Task brief –
Starting at the line with "Senior - Gatos" and ending at the line with "BTS V &#39;It&#39;s", print exactly the lines of the entries below. Pictures do not belong in the copy.

Material for the task –
----
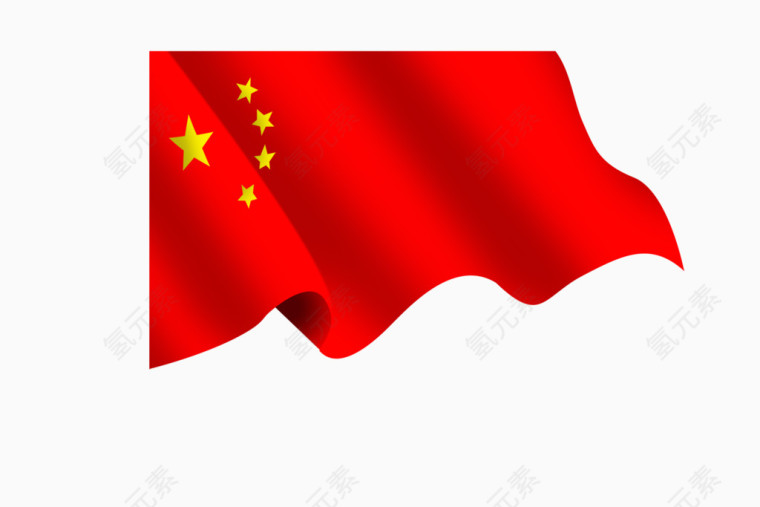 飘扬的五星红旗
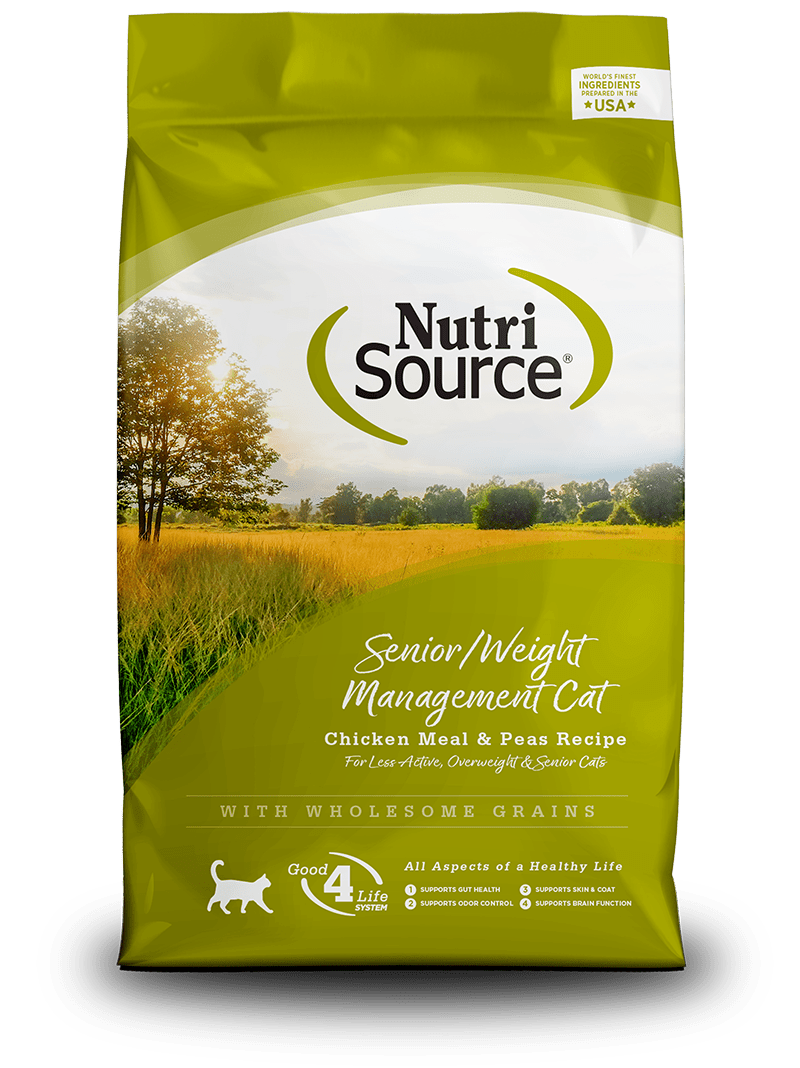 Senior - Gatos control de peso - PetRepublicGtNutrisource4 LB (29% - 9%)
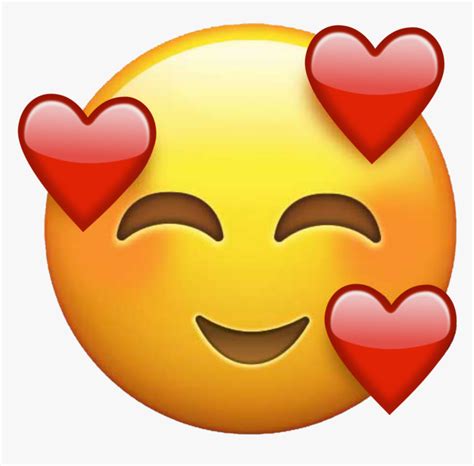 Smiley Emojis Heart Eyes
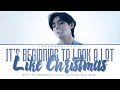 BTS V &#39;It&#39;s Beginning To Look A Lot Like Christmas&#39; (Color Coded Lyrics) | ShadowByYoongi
----
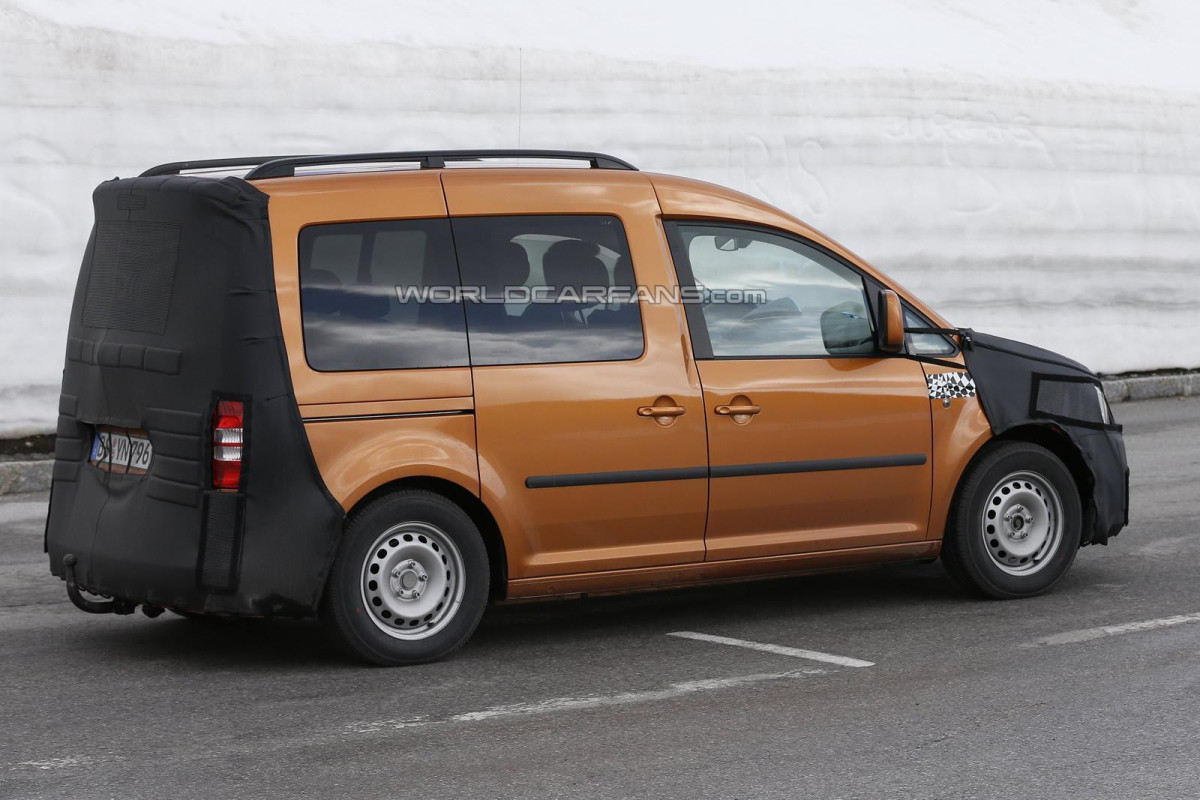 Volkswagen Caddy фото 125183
----
Answer for the task –
 Senior - Gatos control de peso - PetRepublicGtNutrisource4 LB (29% - 9%)
 Smiley Emojis Heart Eyes
 BTS V &#39;It&#39;s Beginning To Look A Lot Like Christmas&#39; (Color Coded Lyrics) | ShadowByYoongi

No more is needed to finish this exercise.